Als bestes Beispiel hierfür diene die Brennnessel. «Viele haben sie in negativer Erinnerung, weil sie eben auf der Haut brennt. Ihre Blätter und Blüten gehören aber zu den wichtigsten Waldpflanzen, die essbar sind.» Sie seien sehr gesund und hätten sogar eine positive Auswirkung auf die Libido.


Ernten statt jäten!

Immer wieder stiess die Gruppe auf Pflanzen, die sie vom «zivilisierten Alltag» her kennen. «Dort werden sie als Unkraut gejätet», bemerkte eine Frau. Das sei jetzt ab sofort verboten, entgegnet ihr Lucretia Wyss mit einem Lächeln. «Jetzt werden sie nicht mehr gejätet, sondern geerntet. Unkraut kennen wir jetzt nicht mehr.»
Auch wirklich giftig sind in unseren Wäldern nur die wenigsten Pflanzen. Die Exkursionsteilnehmer liessen sich von der Pflanzenliebe der Naturgärtnerin anstecken. Der 21-jährige Sandro Vecchi und sein Kollege wollen ein ganzes Dossier mit essbaren Pflanzen anlegen.
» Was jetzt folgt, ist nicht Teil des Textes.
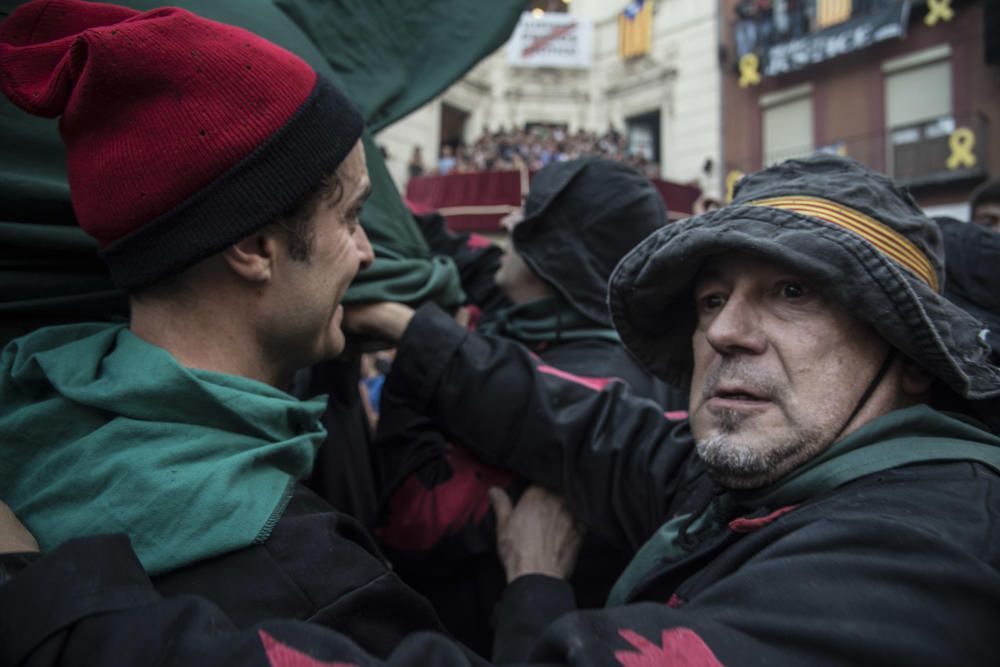 Berga estrena la Patum 2019 amb un passacarrers atapeït i calorós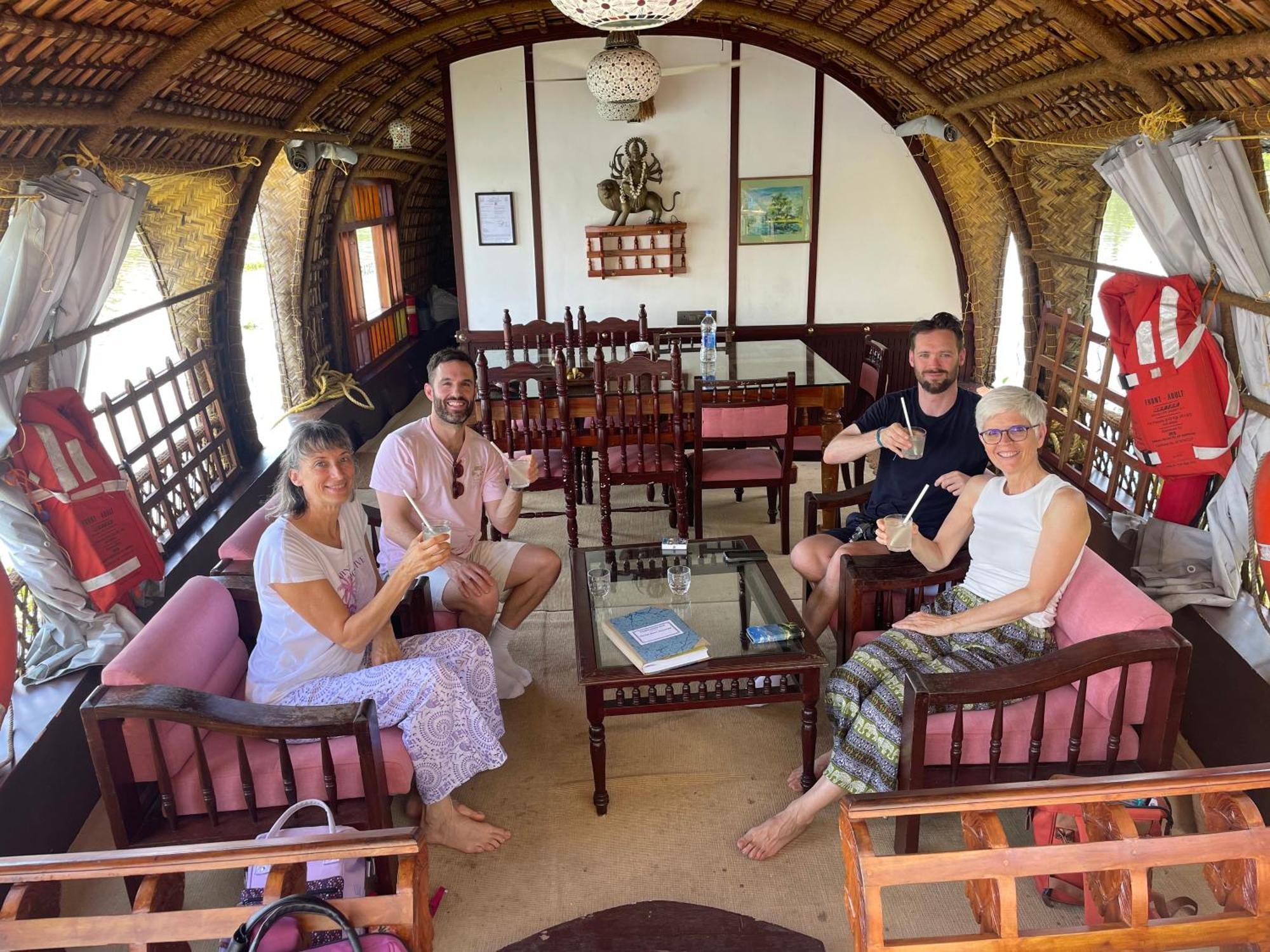 Thara'S Houseboat Hotel Alappuzha Bagian luar foto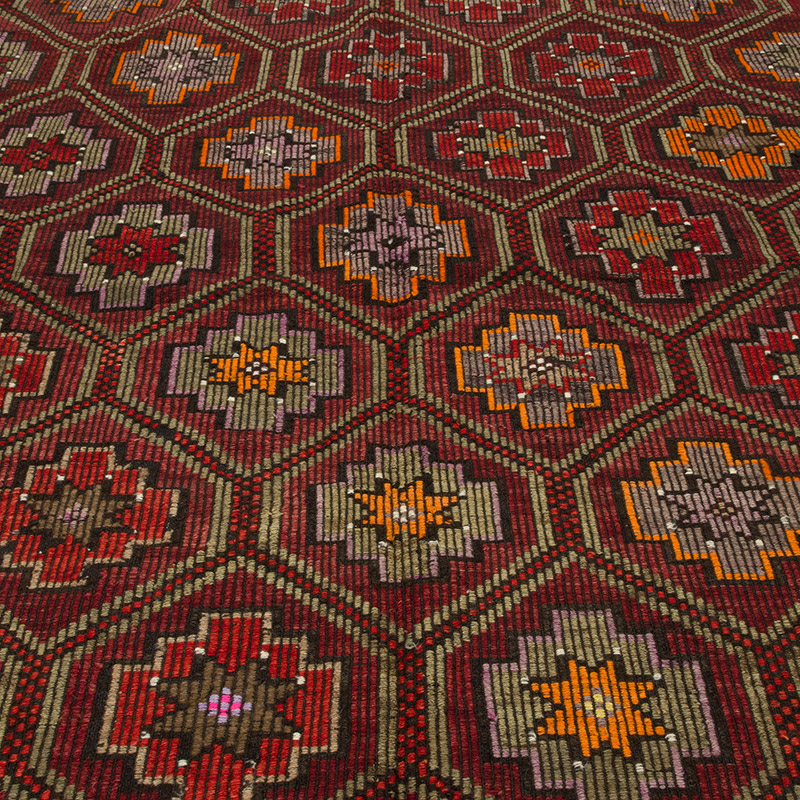 Vintage Anatolian Jijim Rug - 6' 7" x 9' 10" (79" x 118") - K0085376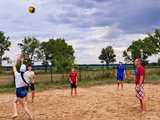 [FOTO] Kontynuują cykl siatkówki plażowej. Znamy zwycięzców kolejnego turnieju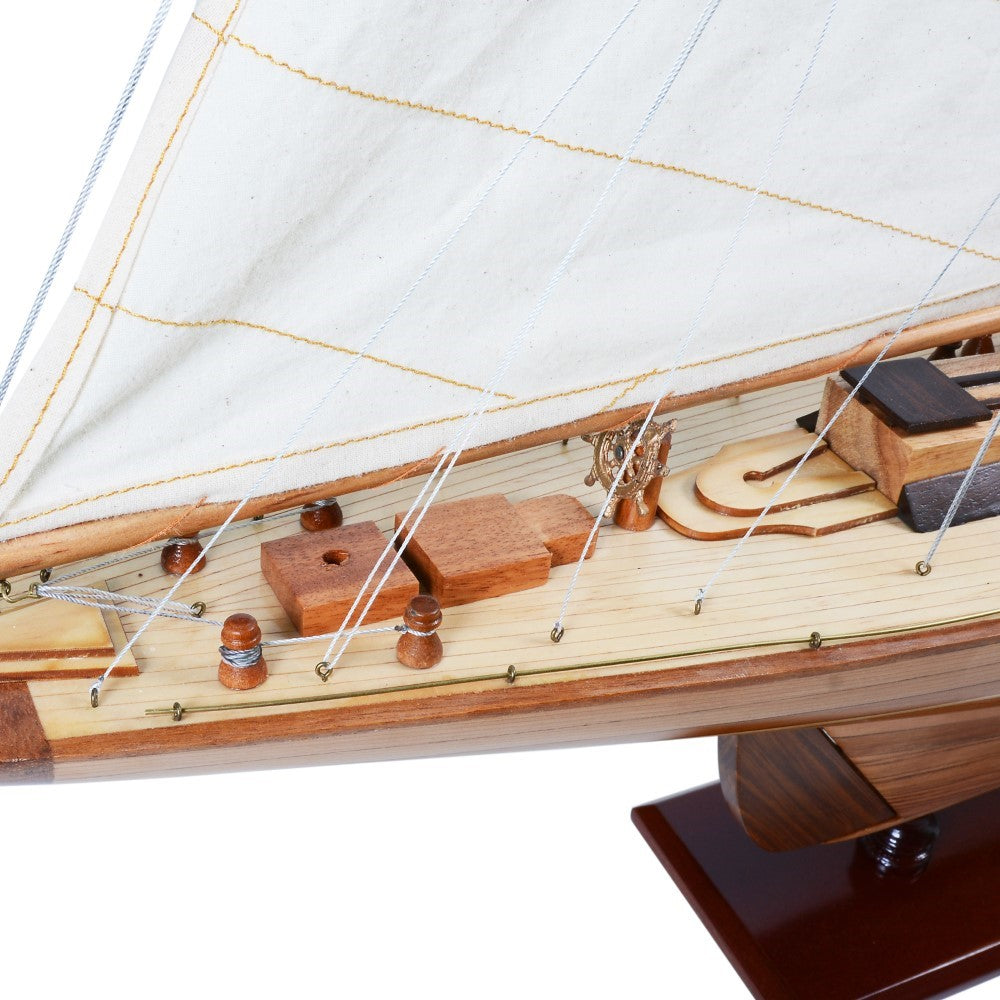 ENDEAVOUR Model Yacht Xlarge | Fully Assembled Wooden Ship Model For Wholesale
Jeder Hinweis von Lucretia Wyss wurde eifrig notiert. «Wir möchten in Zukunft selber in den Wald gehen und uns so unser herkömmliches Essen mit Waldpflanzen ergänzen.» Wolle man Pflanzen essen, so müsse man eher die jüngeren Blätter nehmen, da diese vom Geruch und der Konsistenz her angenehmer sind.


Pflanzen in allen Facetten

Bevor die Suppe auf das Feuer konnte, mussten die Blüten und Blätter noch zurechtgeschnitten werden. Einen Unterschied zur herkömmlichen Küche war dabei nicht zu erkennen. «Was einem halt zu grob ist, kann man ja wegschneiden. Genau wie beim Gemüse», erklärte Lucretia Wyss. Sie selber bereitete noch zu Hause einen «Smoothie» aus Waldpflanzen, Orangen und Bananen vor und zeigte so, dass die Verwendung der Waldpflanzen sehr vielfältig ist. «Man muss nur die Fantasie walten lassen», gab sie einen letzten Tipp auf den Weg.